## [Entries provided]
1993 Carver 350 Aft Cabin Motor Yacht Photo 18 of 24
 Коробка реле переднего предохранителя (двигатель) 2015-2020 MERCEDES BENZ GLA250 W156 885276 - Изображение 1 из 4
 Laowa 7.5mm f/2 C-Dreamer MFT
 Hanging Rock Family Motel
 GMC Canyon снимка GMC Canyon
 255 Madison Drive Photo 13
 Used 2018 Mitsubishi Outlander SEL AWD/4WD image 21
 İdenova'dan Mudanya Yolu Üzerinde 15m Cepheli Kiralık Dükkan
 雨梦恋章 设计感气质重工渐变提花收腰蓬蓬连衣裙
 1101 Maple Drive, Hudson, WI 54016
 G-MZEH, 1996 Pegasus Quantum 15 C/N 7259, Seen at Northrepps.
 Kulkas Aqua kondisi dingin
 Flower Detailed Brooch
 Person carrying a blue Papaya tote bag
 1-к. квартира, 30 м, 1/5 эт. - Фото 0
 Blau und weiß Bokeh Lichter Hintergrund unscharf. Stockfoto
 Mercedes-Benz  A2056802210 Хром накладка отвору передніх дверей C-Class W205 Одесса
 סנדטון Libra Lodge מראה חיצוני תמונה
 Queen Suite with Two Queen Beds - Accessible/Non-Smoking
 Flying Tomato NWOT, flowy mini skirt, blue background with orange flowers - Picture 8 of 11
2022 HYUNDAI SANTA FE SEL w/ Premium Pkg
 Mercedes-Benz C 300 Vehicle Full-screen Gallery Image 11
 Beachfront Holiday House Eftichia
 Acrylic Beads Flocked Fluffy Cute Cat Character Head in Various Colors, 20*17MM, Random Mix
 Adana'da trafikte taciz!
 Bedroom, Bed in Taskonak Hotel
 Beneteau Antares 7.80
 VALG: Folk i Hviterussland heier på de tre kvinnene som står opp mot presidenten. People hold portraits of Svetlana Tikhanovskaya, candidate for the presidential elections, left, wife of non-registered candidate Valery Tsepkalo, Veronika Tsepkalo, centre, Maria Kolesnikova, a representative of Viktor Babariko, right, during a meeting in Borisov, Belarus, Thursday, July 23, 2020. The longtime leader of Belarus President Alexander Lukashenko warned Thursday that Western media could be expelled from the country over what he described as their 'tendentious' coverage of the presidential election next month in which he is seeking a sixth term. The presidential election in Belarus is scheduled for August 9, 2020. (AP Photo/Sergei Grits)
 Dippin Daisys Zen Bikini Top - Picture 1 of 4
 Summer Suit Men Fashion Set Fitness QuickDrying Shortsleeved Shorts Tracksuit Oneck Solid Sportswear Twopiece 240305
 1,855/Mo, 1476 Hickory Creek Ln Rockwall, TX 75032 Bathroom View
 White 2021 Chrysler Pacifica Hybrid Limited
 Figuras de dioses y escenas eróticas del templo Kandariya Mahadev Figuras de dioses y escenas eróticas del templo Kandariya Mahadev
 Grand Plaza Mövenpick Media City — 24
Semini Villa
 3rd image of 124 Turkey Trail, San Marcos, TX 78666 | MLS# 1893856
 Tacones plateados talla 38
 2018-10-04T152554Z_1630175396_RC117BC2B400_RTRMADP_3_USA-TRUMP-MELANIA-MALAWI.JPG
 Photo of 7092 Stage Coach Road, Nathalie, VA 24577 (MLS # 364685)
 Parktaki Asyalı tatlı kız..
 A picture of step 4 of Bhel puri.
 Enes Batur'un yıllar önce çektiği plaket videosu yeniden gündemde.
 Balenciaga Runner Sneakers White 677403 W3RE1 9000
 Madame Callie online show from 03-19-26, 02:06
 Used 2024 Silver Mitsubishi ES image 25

## [Prompt]
In the listing above, each line with the word "Drive" is to be copied out.

## [Response area]
 255 Madison Drive Photo 13
 1101 Maple Drive, Hudson, WI 54016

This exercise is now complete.